Oleh : Washil Bahalwan
Selain dikenal sebagai
kota pahlawan, Surabaya juga mendapat sebutan sebagai kota INDAH MARDI
(Industri Perdagangan Maritim dan Pendidikan). Sebagai kota perdagangan, maka
sudah barang tentu ada beberapa tempat perdagangan yang sangat melegenda dan
menjadi rujukan bagi pedagang untuk memenuhi kebutuhannya. Mereka bukan hanya
pedagang dari Surabaya, tapi juga dari luar pulau, misalnya Papua, Maluku,
Sulawesi, Kalimantan dan lainnya. Hal itu disebabkan karena letak Surabaya yang
dekat dengan Pelabuhan Tanjung Perak, sehingga memudahkan para pedagang
mengangkut barang dagangannya dalam jumlah yang besar.
Nah pada edisi kedua ini, penulis akan mengangkat
pasar-pasar legendaris di Surabaya, dengan harapan warga kota
Surabaya khususnya maupun masyarakat Indonesia mengetahui sepak terjang pasar
di Surabaya dalam menggerakkan denyut nadi perekonomian. Berikut ini profil
pasar legendaris selengkapnya.
PASAR BONG
Ketika mendengar nama “Pasar Bong“, pasti
bayangan kita adalah pasar yang terletak di kawasan perkampungan masyarakat
Tionghoa. Bayangan tersebut tidaklah keliru. Karena lokasi Pasar Bong berada di
Jl. Slompretan (Chinese Bree Straat) dekat dengan Jl. Kembang Jepun yang memang
masuk kawasan perdagangan dari dahulu sampai sekarang.

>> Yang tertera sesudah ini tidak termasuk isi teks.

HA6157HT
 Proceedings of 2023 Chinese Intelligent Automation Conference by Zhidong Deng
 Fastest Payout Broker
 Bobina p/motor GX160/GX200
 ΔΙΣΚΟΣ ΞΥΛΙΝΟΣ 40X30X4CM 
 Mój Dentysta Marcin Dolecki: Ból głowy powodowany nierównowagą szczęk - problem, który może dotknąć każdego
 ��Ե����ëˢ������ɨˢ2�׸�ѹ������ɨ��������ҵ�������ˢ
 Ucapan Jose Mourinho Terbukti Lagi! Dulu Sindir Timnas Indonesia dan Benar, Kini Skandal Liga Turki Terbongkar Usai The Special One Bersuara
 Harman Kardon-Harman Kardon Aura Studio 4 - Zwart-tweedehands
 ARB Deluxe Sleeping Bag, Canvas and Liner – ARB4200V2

Di samping itu, juga
dekat dengan kawasan Ampel, tempat penyebaran agama Islam pertama kali oleh
Raden Rahmatullah yang lebih dikenal dengan sebutan Sunan Ampel.
Pada kesempatan ini penulis menampilkan Pasar
Bong tempo dulu dari dokumen pribadi berupa kliping harian Radar Surabaya edisi
Senin 3 September 2001. Dahulu kala Pasar Bong yang berada di “Chinese Bree
Straat” (Jl. Slompretan) sebelum perang dunia kedua dikenal sebagai pusat
penjualan segala macam burung dan aneka jenis binatang peliharaan rumah
(huisdieren).
Bahkan seiring dengan
perkembangan zaman di kawasan ini dikenal dengan pusat penjualan tekstil dan
bahan kain. Di kawasan Pasar Bong inilah banyak ruko dengan tiang benderanya
milik warga Tionghoa dan tempat lalu lalang orang di sepanjang “Chinese Bree
Straat”. Dan juga dijumpai di ujung jalan berupa menara seperti antena radio,
adalah tiang listrik milik “Algemene Nederlansche Indische Electriciteit Mij”
(ANIEM/PLN Belanda).
Sampai saat ini Pasar
Bong merupakan salah satu ikon pasar di Surabaya. Apabila kita hendak mencari
kebutuhan aneka macam tekstil, bahan kain, termasuk oleh-oleh haji (sajadah,
tasbih, kurma, mukena, sarung dll), dengan mudah kita dapatkan di sini.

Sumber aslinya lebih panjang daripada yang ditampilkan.